Recorded data
• • • • • • •

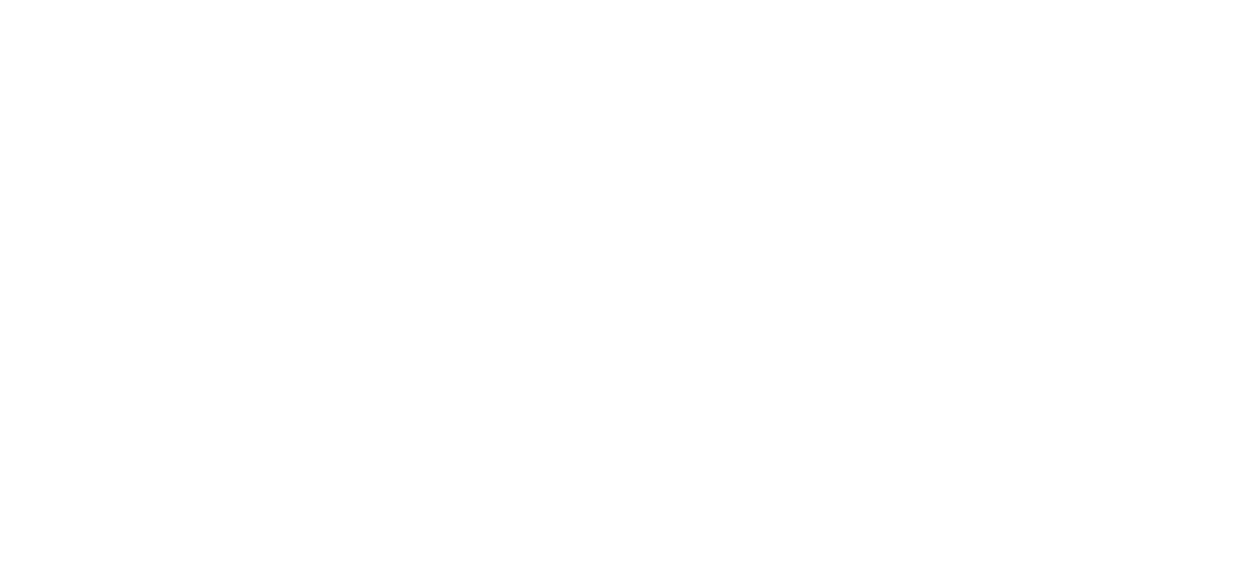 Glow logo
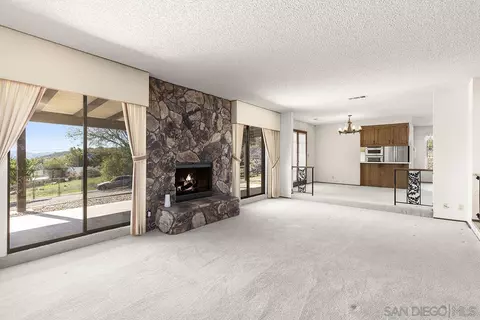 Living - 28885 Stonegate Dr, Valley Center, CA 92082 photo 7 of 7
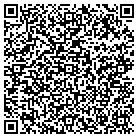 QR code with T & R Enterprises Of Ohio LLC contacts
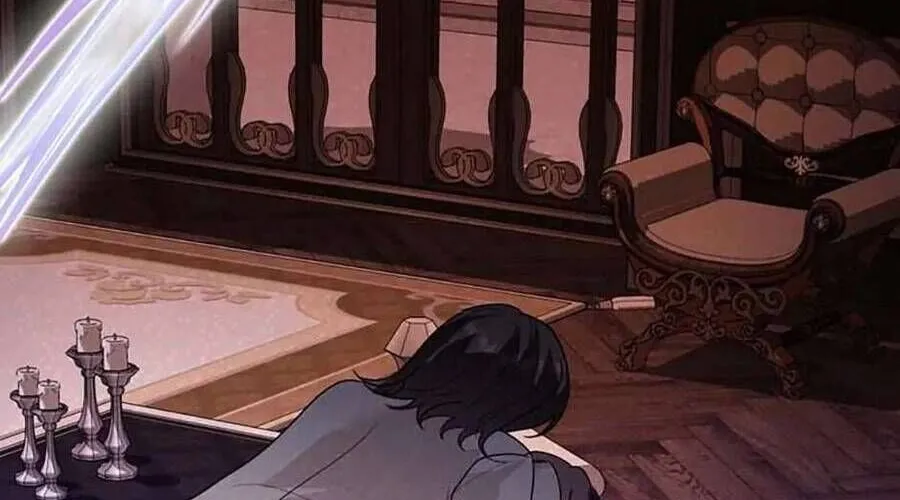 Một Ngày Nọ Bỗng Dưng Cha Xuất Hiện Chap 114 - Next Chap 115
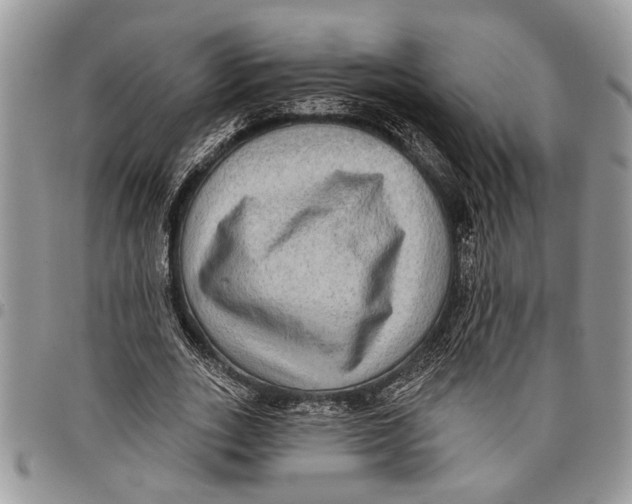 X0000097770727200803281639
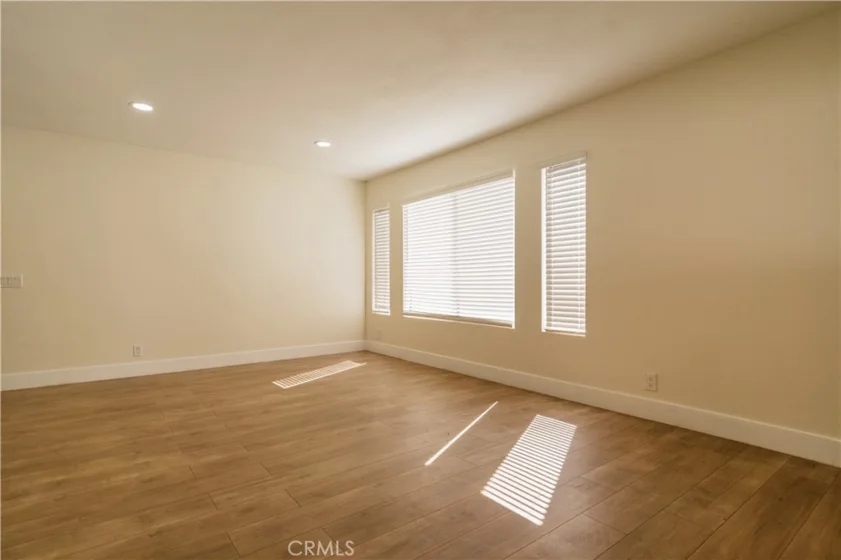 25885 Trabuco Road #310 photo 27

• • • • • • •

PROBLEM TO WORK ON
When copying the data above, repeat every word exactly and drop the pictures.

SOLUTION TO THE EXERCISE
 Glow logo
 Living - 28885 Stonegate Dr, Valley Center, CA 92082 photo 7 of 7
 QR code with T & R Enterprises Of Ohio LLC contacts
 Một Ngày Nọ Bỗng Dưng Cha Xuất Hiện Chap 114 - Next Chap 115
 X0000097770727200803281639
 25885 Trabuco Road #310 photo 27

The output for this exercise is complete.